Photo 1: A typical Unadilla KW40 antenna trap. Note the axial crack in the blue housing.


        I decided that I needed to do three things to attempt repair of the defective trap:

1) Re-epoxy the outer metal tube back into the housing.

2) Fill the axial cracks in both traps with some type of weatherproofing sealer to prevent moisture ingress.

Photo 2: The damaged antenna trap showing the outermost metal tube (which pulled completely out of the trap assembly) and a portion of the coil which unwound completely from the blue housing. The hardware was removed from the trap. Note that this trap is cracked in similar fashion to the trap in Photo 1 (which did not fail).

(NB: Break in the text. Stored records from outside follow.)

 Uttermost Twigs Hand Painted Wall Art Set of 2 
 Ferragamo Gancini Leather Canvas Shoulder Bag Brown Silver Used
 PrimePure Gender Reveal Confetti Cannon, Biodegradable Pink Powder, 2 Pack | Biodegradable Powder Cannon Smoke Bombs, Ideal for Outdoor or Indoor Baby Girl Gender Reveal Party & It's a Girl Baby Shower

        3) Reinforce the aluminum tubes in some manner so that they could not pull out of the housing even though the housings were cracked and substantial friction that would have tended to keep the outermost metal tube in place was lost.

        Step 1 was accomplished by first cleaning out the cork residue inside the closed end of the outer metal tube. Then a quantity of two-part epoxy was daubed onto the exposed end of the smaller (inner) metal tube and the outer tube was tapped back into the housing using a plastic mallet, taking care to ensure that the holes in the end of the tube were properly aligned as originally installed. The exposed length of the outer tube was checked against the undamaged trap to ensure that the tube was tapped fully into the housing.

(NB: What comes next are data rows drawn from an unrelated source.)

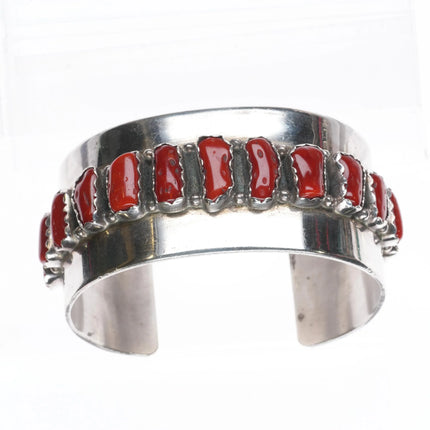 6.3" F Peters Navajo sterling silver Mediterranean coral wide row cuff bracelet - Estate Fresh Austin
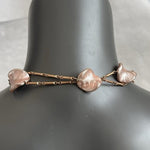 Vintage Rose Gold Tone Shell Petal Metal Beads Statement Necklace 59"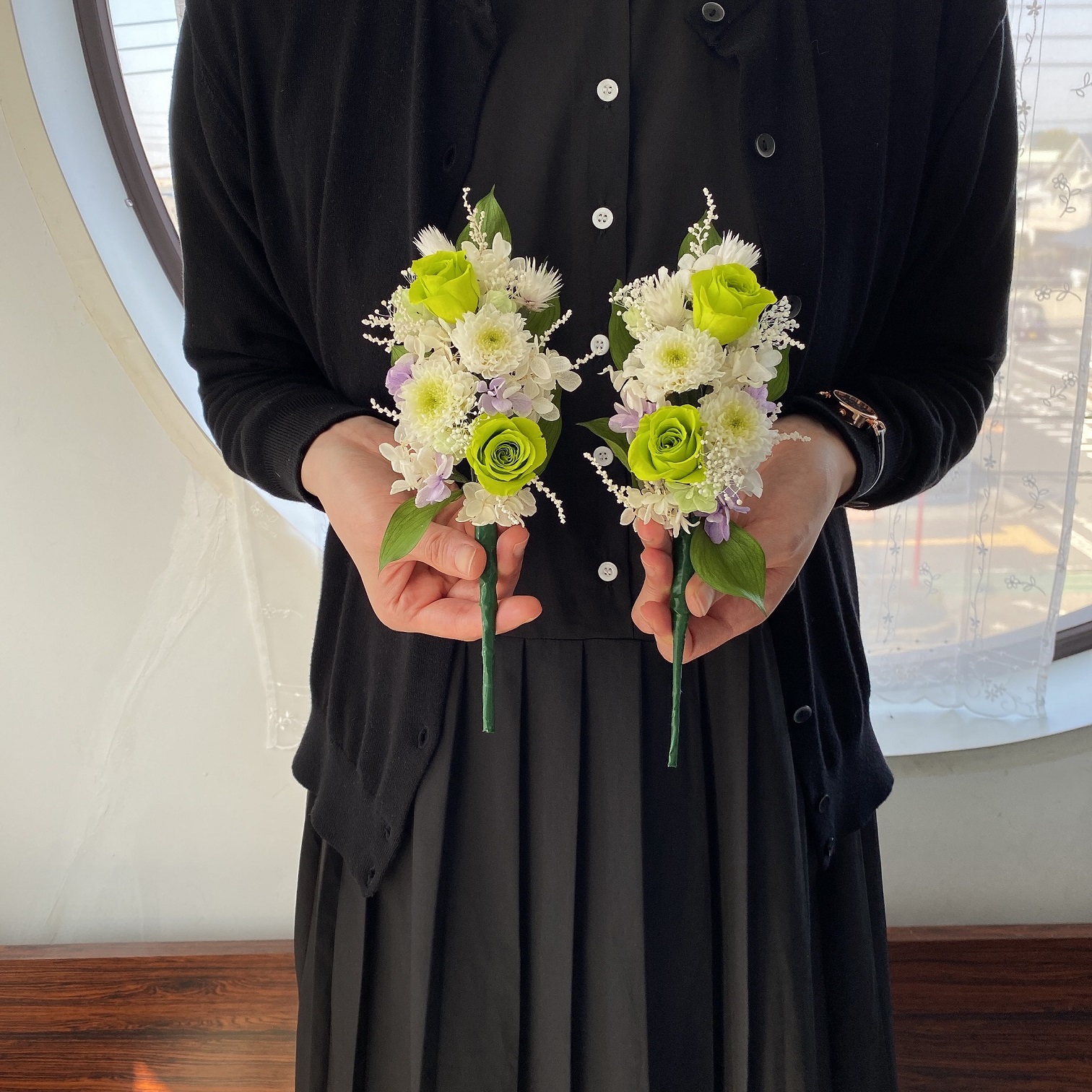 AJ079-1 プリザーブドフラワーアレンジ【綾香/緑】春日部市 シュガーパイン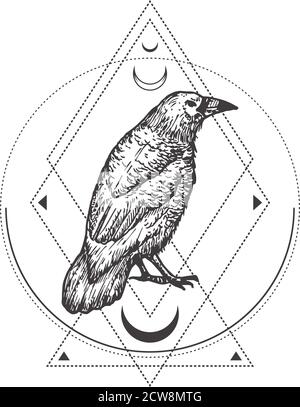 Symbole Occult abstrait, logo style vintage ou modèle de tatouage. Symbole d'esquisse Black Crow ou Raven dessiné à la main et ornements géométriques magiques Mystiques et Illustration de Vecteur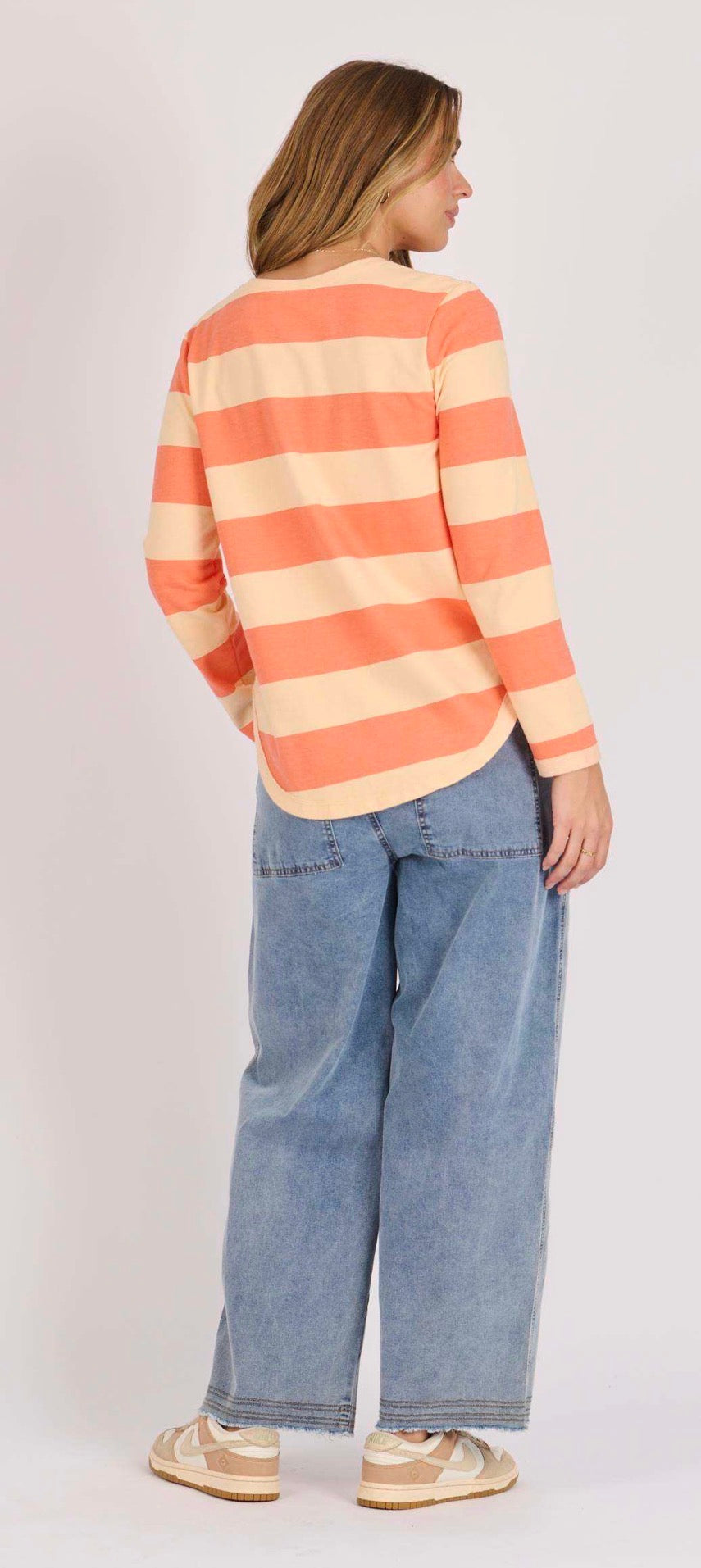 V Neck Long Sleeve Tee - Coral Stripe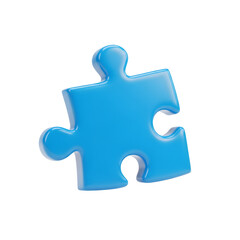 Obraz premium Isolated Blue Puzzle Piece With Glossy Surface on Transparent Background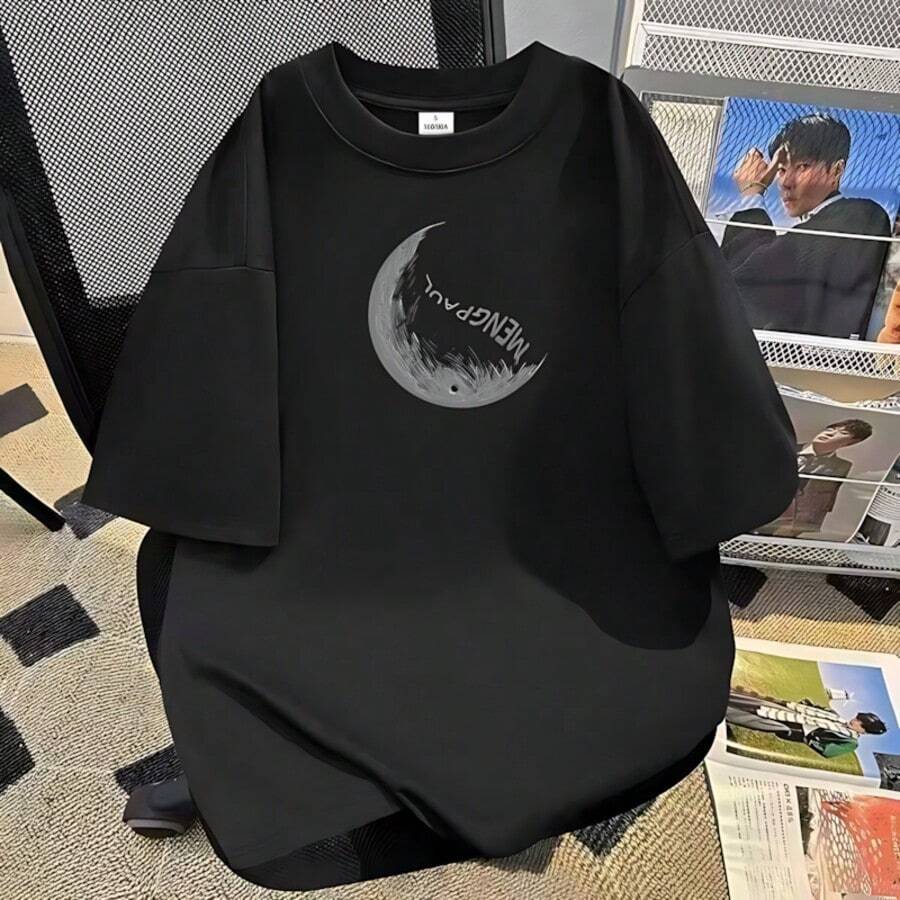 Men's And Women's 100% Cotton Short-Sleeved T-Shirt, Casual Summer Garment, And Versatile Style, Suitable For Fitness, Yoga And Daily Sports. - 黑色 - 查看 1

Photo 3: View of the open end of the damaged trap showing the innermost metal tube and the cork core. The missing portion of cork was stuck inside the outermost metal tube. This indicates that because the blue housing cracked open and separated along its entire length, the cork filler was bearing the brunt of the axial load on the trap and finally gave way. The exposed cork in the photo was coated with epoxy and the outer metal tube driven back into the trap body.

        After allowing the epoxy to set overnight, clear silicone waterproof caulk was forced into the radial crack in the housing using a caulking gun, making sure that it penetrated all the way to the exposed surface of the outer metal tube and oozed from the two ends of the housing. Excess residue was cleaned off and the caulk was allowed to dry for several hours.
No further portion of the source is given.